▶ _AIM OF THE TASK_
Since only part of the material is needed, please repeat exactly the line that includes "Narożnik z funkcją" and every line after it, up to the last.

= Beginning of Section =

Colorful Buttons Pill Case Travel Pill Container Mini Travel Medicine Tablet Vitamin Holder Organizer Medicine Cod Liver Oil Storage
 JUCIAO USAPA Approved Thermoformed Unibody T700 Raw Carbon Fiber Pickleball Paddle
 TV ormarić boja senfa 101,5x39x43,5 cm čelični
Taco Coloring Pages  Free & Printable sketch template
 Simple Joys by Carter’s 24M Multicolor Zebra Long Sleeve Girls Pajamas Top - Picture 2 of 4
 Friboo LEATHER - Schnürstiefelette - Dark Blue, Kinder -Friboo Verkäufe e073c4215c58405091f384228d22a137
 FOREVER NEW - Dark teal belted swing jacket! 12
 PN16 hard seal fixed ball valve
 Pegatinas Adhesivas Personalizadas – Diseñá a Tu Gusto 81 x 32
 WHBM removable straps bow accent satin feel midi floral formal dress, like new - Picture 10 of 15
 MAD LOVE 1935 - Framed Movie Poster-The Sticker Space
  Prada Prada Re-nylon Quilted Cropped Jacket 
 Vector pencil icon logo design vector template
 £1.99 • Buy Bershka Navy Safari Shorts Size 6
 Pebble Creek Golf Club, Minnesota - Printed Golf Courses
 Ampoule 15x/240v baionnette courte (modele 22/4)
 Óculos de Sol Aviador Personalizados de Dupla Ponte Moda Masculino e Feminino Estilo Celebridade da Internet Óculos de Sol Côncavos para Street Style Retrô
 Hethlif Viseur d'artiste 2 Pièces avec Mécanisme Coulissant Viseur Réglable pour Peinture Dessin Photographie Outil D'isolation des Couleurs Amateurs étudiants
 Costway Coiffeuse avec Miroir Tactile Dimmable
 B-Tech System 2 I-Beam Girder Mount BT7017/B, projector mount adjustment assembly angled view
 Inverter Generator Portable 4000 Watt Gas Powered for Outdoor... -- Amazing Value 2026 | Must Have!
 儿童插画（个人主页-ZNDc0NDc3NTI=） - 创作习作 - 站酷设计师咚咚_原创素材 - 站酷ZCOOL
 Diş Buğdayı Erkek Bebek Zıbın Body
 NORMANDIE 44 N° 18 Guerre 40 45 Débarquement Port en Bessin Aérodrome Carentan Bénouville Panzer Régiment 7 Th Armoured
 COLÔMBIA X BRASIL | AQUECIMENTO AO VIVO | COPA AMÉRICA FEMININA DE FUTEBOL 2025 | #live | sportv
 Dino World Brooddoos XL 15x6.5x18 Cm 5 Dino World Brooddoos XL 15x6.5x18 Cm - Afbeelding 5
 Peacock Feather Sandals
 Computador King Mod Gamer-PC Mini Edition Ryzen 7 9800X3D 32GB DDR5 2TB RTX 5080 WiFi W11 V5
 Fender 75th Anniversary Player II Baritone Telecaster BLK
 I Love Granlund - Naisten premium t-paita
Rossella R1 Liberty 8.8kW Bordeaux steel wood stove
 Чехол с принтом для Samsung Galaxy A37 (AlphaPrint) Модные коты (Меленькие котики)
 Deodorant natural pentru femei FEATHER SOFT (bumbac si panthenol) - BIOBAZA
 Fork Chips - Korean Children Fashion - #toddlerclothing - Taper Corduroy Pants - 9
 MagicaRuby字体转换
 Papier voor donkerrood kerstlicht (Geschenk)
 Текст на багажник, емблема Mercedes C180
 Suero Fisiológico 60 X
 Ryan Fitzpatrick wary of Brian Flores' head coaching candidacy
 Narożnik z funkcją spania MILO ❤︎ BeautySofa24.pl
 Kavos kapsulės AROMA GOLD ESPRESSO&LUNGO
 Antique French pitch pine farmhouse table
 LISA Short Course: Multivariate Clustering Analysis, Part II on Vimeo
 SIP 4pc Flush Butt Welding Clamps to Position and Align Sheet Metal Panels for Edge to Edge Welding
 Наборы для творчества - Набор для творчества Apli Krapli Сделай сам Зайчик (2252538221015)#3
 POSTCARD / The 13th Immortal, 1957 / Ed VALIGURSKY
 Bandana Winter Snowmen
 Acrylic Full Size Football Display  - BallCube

= End of Section =

▶ _RESPONSE AREA_
 Narożnik z funkcją spania MILO ❤︎ BeautySofa24.pl
 Kavos kapsulės AROMA GOLD ESPRESSO&LUNGO
 Antique French pitch pine farmhouse table
 LISA Short Course: Multivariate Clustering Analysis, Part II on Vimeo
 SIP 4pc Flush Butt Welding Clamps to Position and Align Sheet Metal Panels for Edge to Edge Welding
 Наборы для творчества - Набор для творчества Apli Krapli Сделай сам Зайчик (2252538221015)#3
 POSTCARD / The 13th Immortal, 1957 / Ed VALIGURSKY
 Bandana Winter Snowmen
 Acrylic Full Size Football Display  - BallCube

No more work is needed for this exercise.